Primera Página es la sección de opinión de eldiario.es Cantabria. En este espacio caben las opiniones y noticias de todos los ángulos y prismas de una sociedad compleja e interesante. Opinión, bien diferenciada de la información, para conocer las claves de un presente que está en continuo cambio.
Hay un hombre violento que debes reconocer
Hay estructuras que parecen soldadas al ADN. Lo están porque se repiten y reproducen en los espacios de formación de los imaginarios: la familia, la escuela, las iglesias y los centros de trabajo. Y la estructura patriarcal lleva siglos de adherencia por lo que despegarla de nuestra forma de pensar y actuar es especialmente difícil. Pero no sólo se puede lograr sino que a cada esfuerzo vamos perdiendo una de las terribles costras de la forma de vivir patriarcal.
No he utilizado la expresión “forma de vivir” al azar. Los hombres, en general, tenemos normalizada una “forma de vivir normal”, “natural”, aquella que entra dentro de nuestra capacidad de razonar y que, al tiempo, está condicionada por esa estructura en la que la mayoría nos hemos formado y en la que nos movemos como pez en el agua.
Esta “forma de vivir”, al final de cuentas, es una forma de ejercer el poder: en las relaciones personales, familiares, laborales, políticas, sindicales, culturales… Se nos sale por los poros, en la gestualidad, en el tono de voz… pero, ante todo, en la forma hegemónica de pensar.
Pensamos que es “natural” tener la palabra, la razón, incluso el control de las conversaciones, de los dineros de la familia o de los movimientos de las mujeres con las que convivimos. Nos parece “normal” ser los primeros, los aguerridos, los fuertes y los dominantes (en la calle, en el curro, en la cama). Nos cuesta identificar que nuestra “forma de vivir” es una forma violenta de ejercer el poder. Ya sé que me dirán algunos que no se puede generalizar, pero la experiencia me hace afirmar que es fácil identificar al bajísimo porcentaje que está trabajando para deshacerse de esas formas, pero que es muy difícil que la mayoría nos miremos al espejo dispuestos a desaprender lo adherido.
Esta semana veía el vídeo que han grabado varios hombres voluntarios de UNATE y tengo que confesar que no por conocerlo me ha impactado menos. Estamos acostumbrados a campañas que animan a las mujeres a identificar las situaciones de violencia de género a las que están expuestas —y que muchas veces también normalizan— pero es casi imposible ver y escuchar a hombres —¡en este caso mayores!— interpelar a otros hombres para que se den cuenta de que muchas de sus actitudes cotidianas son violentas con las mujeres que son sus parejas —y, añadiría, con las que no lo son—. No significa que los hombres que nos hablan en este vídeo sean ejemplares —seguro que tienen que revisar actitudes bajo la lupa de la violencia— pero se atreven a ponerse ante un espejo público para decir aquello que nos molesta en extremo: la inmensa mayoría de nosotros lleva dentro un ser que ejerce violencia y no nos gusta reconocerlo.
Y quizá eso es lo que está generando esta asquerosa reacción antifeminista que se detecta en las infectas redes sociales: que ante el miedo de (re)conocerse es mejor seguir machacando al objeto de nuestra gran o pequeña tiranía, las mujeres.
La violencia de género es terrible porque hace saltar por los aires toda la estructura de confianza y seguridad en la que las mujeres deberían apoyarse: la del ser que, en teoría, las ama.

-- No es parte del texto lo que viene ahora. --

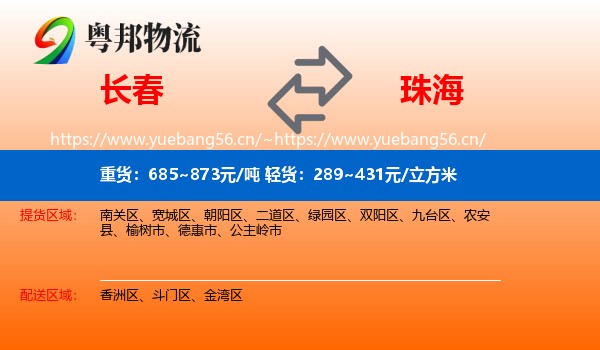 长春到珠海物流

Cierto que hay un trecho inmenso del amor sano al amor tóxico, pero también es cierto que hay un largo recorrido por hacer de la teoría de la igualdad a la modificación de los comportamientos patriarcales.
Y una forma de empezar a recorrer ese camino es diferenciar entre la espuma y la estructura. Muchos hombres hemos limpiado la “espuma” del machismo —modificamos vocabulario, cambiamos algo el discurso, eliminamos bastantes micromachismos— pero mantenemos casi intacta la estructura patriarcal que nos hace ejercer el poder y el micropoder de una forma concreta que es violenta. Una violencia que, en la mayoría de los casos, no se traduce en golpes o asesinatos, pero que, como la ‘gota malaya’ va destrozando a las mujeres: control físico y financiero, manipulación, violencia sicológica, humillaciones pequeñas que luego crecen como tumores, imposiciones sexuales…
Reconozcamos la parte —grande o pequeña— del hombre violento que llevamos dentro, comencemos a trabajar para sacarlo de nuestra cabeza y de nuestros actos, seamos conscientes de que nuestro papel es imprescindible si queremos construir una sociedad más decente y no neguemos la evidencia: aunque sea imposible que salga en las estadísticas, la inmensa mayoría de hombres ejercemos violencia muchas más veces de las que somos capaces de imaginar. Hay tarea.